Web page caption snippets —
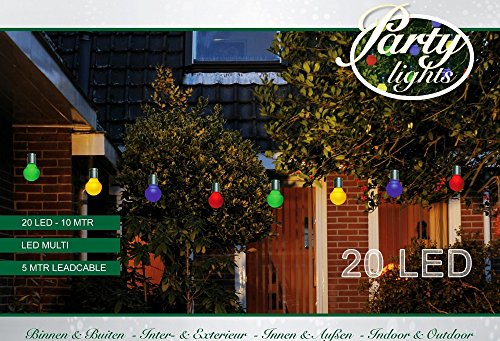 LED PARTYLICHTERKETTE 10m BUNTE LEDs 20er Ø 5cm LICHTERKETTE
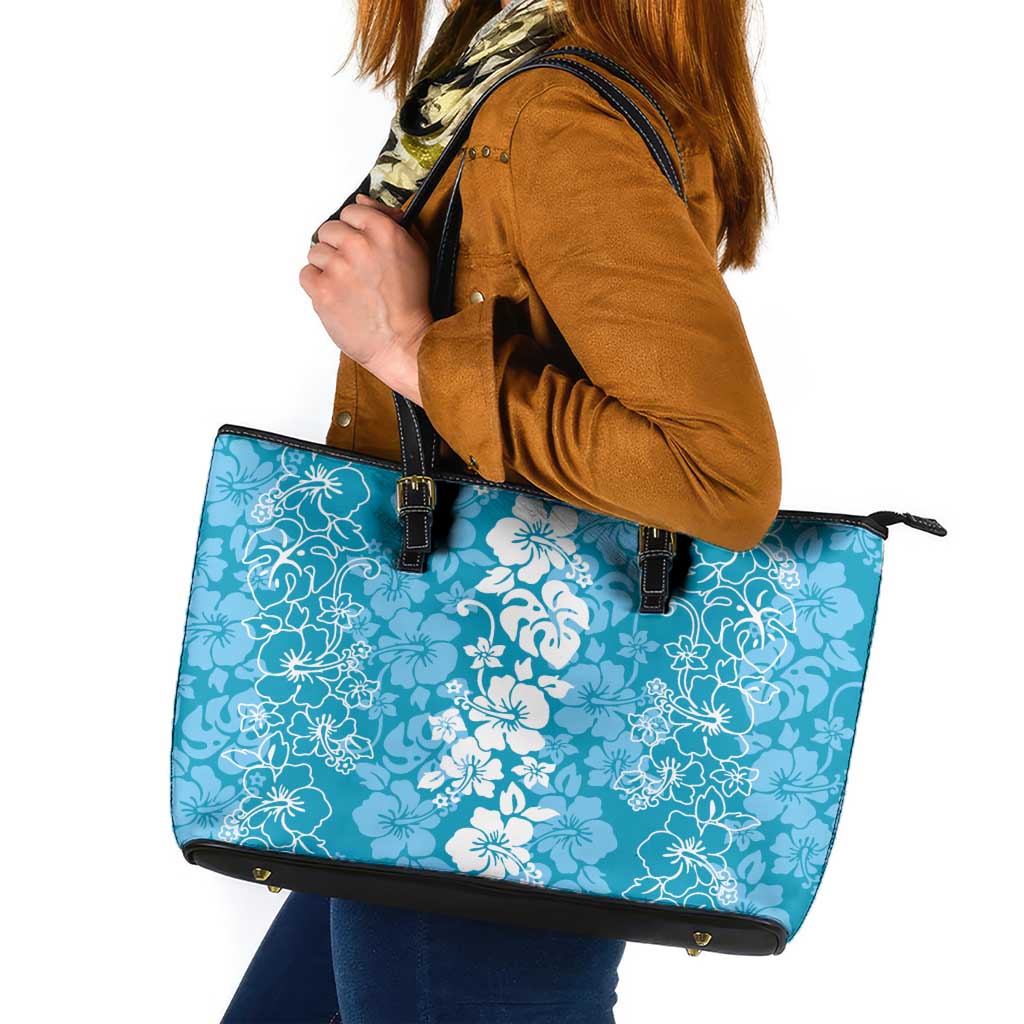 Hawaiian Lei Day Leather Tote Bag Blue Hibiscus Flowers Lei Art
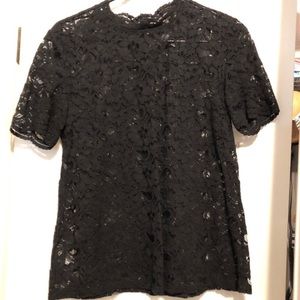 Ann Taylor LOFT Black lace short sleeve blouse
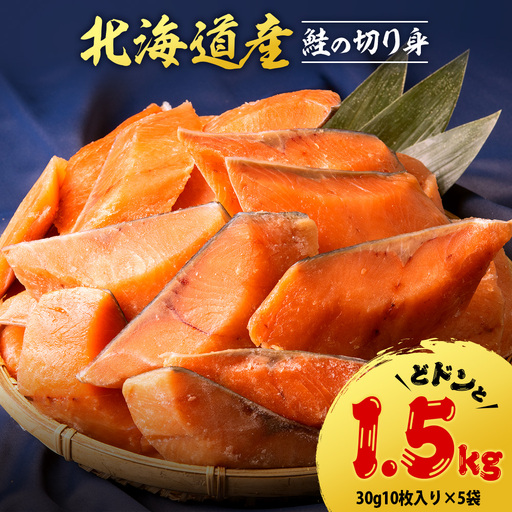 北海道産 鮭の切り身 30g10枚入×5袋〈北るもい漁業協同組合 天塩支所〉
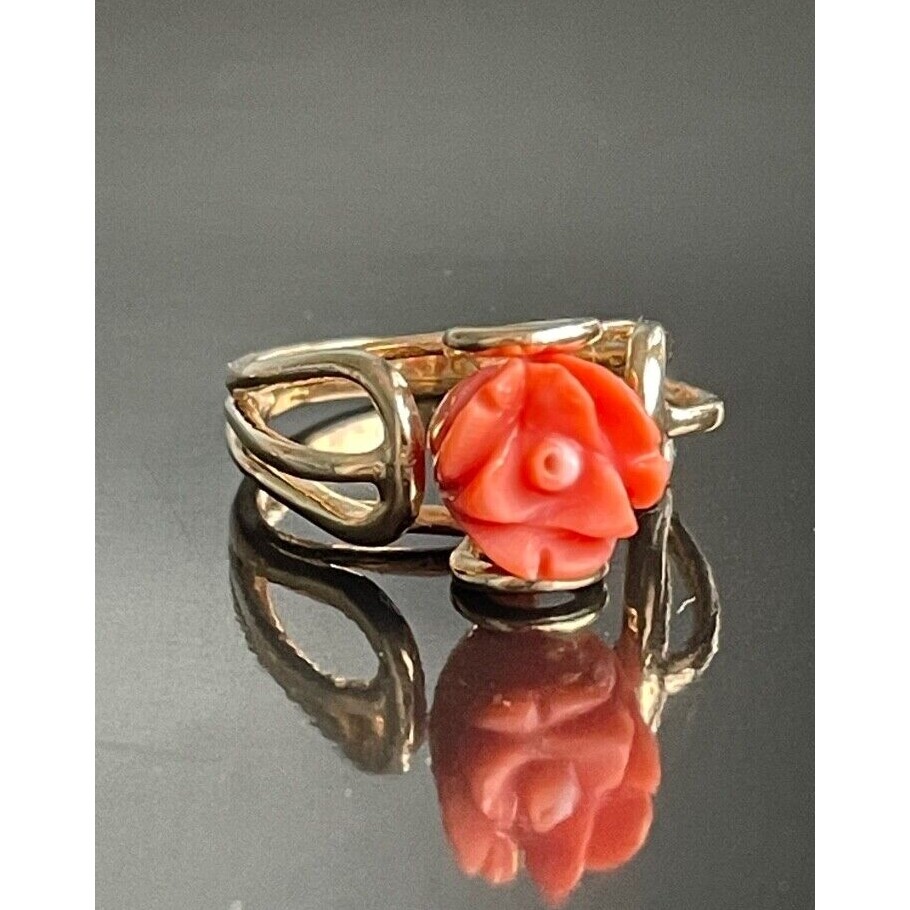 14K YELLOW GOLD CARVED CORAL FLOWER RING SIZE SKY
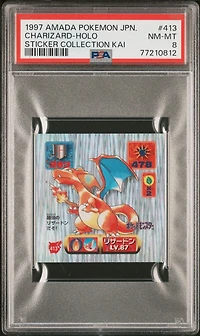 1997 Amada Pokemon Japanese Sticker Collection Kai 413 Charizard-holo PSA 8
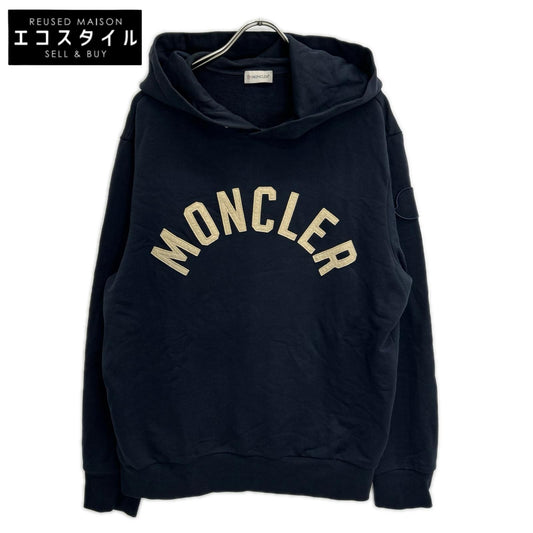 MONCLER 20 H20918G00050 Navy Logo Hooded Parka Top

PROBLEM TO WORK ON —
Your reply should give again exactly the lines from the one with "Ann Taylor LOFT" through the last line of the data, with both ends included and pictures left out.

TASK RESPONSE —
 Ann Taylor LOFT Black lace short sleeve blouse
 北海道産 鮭の切り身 30g10枚入×5袋〈北るもい漁業協同組合 天塩支所〉
 14K YELLOW GOLD CARVED CORAL FLOWER RING SIZE SKY
 1997 Amada Pokemon Japanese Sticker Collection Kai 413 Charizard-holo PSA 8
 MONCLER 20 H20918G00050 Navy Logo Hooded Parka Top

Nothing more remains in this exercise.